Custom activation functions AND derivative for Ker

2019-08-01 12:31发布

问题:

I would like to experiment with some activation functions that do not have a classical derivative (i.e. derivative contains Dirac pulses, not very useful for gradient descent type of learning). Therefore I need to define and add to the set of activation functions for Keras and/or TFLearn. And not just a new activation function but also its defined-by-me derivative. Creating a "fake" derivative has already been used in binarized neural networks. So, I found this and I parroted it to define my own:

import numpy as np
import tensorflow as tf
from tensorflow.python.framework import ops

def nsign(x):
    if x<0.0:
        return -1.0
    else:
        return 1.0

np_nsign = np.vectorize(nsign)

def d_nsign(x):
    if x>-1.0 and x<1.0:
        return 1.0
    else:
        return 0.0

np_d_nsign = np.vectorize(d_nsign)

np_d_nsign_32 = lambda x: np_d_nsign(x).astype(np.float32)


def tf_d_nsign(x,name=None):
    with ops.op_scope([x], name, "d_nsign") as name:
        y = tf.py_func(np_d_nsign_32,
                        [x],
                        [tf.float32],
                        name=name,
                        stateful=False)
        return y[0]

def py_func(func, inp, Tout, stateful=True, name=None, grad=None):

    # Need to generate a unique name to avoid duplicates:
    rnd_name = 'PyFuncGrad' + str(np.random.randint(0, 1E+8))

    tf.RegisterGradient(rnd_name)(grad)  # see _MySquareGrad for grad example
    g = tf.get_default_graph()
    with g.gradient_override_map({"PyFunc": rnd_name}):
        return tf.py_func(func, inp, Tout, stateful=stateful, name=name)

def nsigngrad(op, grad):
    x = op.inputs[0]

    n_gr = tf_d_nsign(x)
    return grad * n_gr

np_nsign_32 = lambda x: np_nsign(x).astype(np.float32)

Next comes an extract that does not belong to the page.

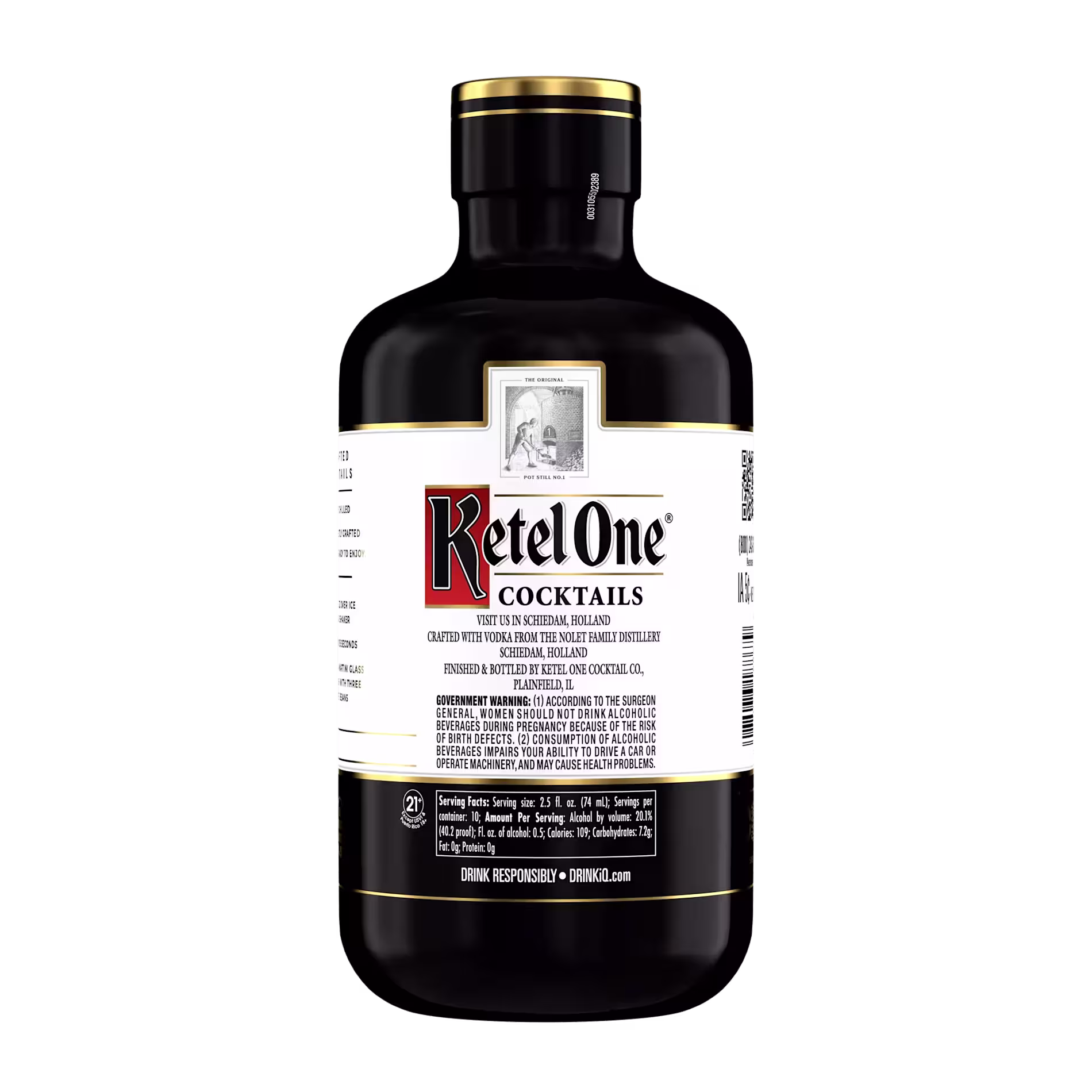 A black bottle of Ketel One Cocktails with a white label displaying the brand name and product information in black and gold text.
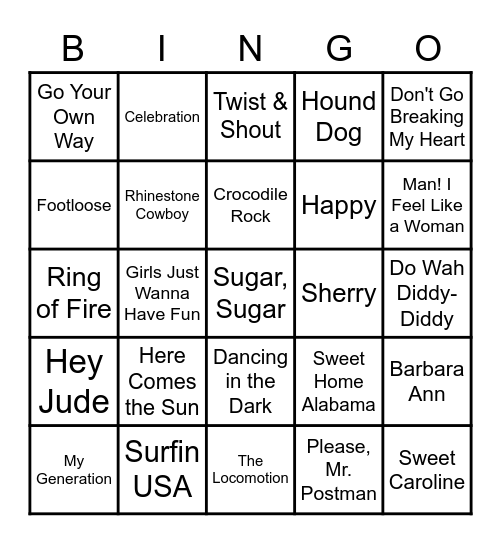 SING-ALONG Bingo Card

def tf_nsign(x, name=None):
    with ops.op_scope([x], name, "nsign") as name:
        y = py_func(np_nsign_32,
                        [x],
                        [tf.float32],
                        name=name,
                        grad=nsigngrad)  # <-- here's the call to the gradient
        return y[0]

with tf.Session() as sess:

    x = tf.constant([-0.2,0.7,1.2,-1.7])
    y = tf_nsign(x)
    tf.initialize_all_variables().run()

    print(x.eval(), y.eval(), tf.gradients(y, [x])[0].eval())

That worked, apart from TF mumbling about tf.op_scope being deprecated. Next step was to take the code above into Keras for something simple like the cifar10 demo code and change all the relus to n_sign, like this:

model.add(Activation(n_sign))

Unfortunately, that resulted in the following error :

Traceback (most recent call last):
  File "cifar10_bin_tf.py", line 96, in <module>
    model.add(Convolution2D(32, 3, 3))
  File "/home/enzo/anaconda2/envs/neural/lib/python2.7/site-packages/keras/models.py", line 324, in add
    output_tensor = layer(self.outputs[0])
  File "/home/enzo/anaconda2/envs/neural/lib/python2.7/site-packages/keras/engine/topology.py", line 474, in __call__
    self.assert_input_compatibility(x)
  File "/home/enzo/anaconda2/envs/neural/lib/python2.7/site-packages/keras/engine/topology.py", line 415, in assert_input_compatibility
    str(K.ndim(x)))
Exception: Input 0 is incompatible with layer convolution2d_2: expected ndim=4, found ndim=None

ndim sounds like "number of dimensions" which is inexplicable for what should be a scalar function. Found this other trick for TH, but once adapted, it causes a very similar error (complaint about ndim again).

Questions : 1) Can you suggest a fix for the above ?

2) Can you suggest another simple way to do what I want in something high level like Keras or TFLearn ?

3) Will the code above work in TFLearn ?

4) Will the code above work if I convert the cifar10 directly to TF and use it there ?

Obviously I'd like to avoid 4) as it means more struggling and conversions.

Thank you very much in advance.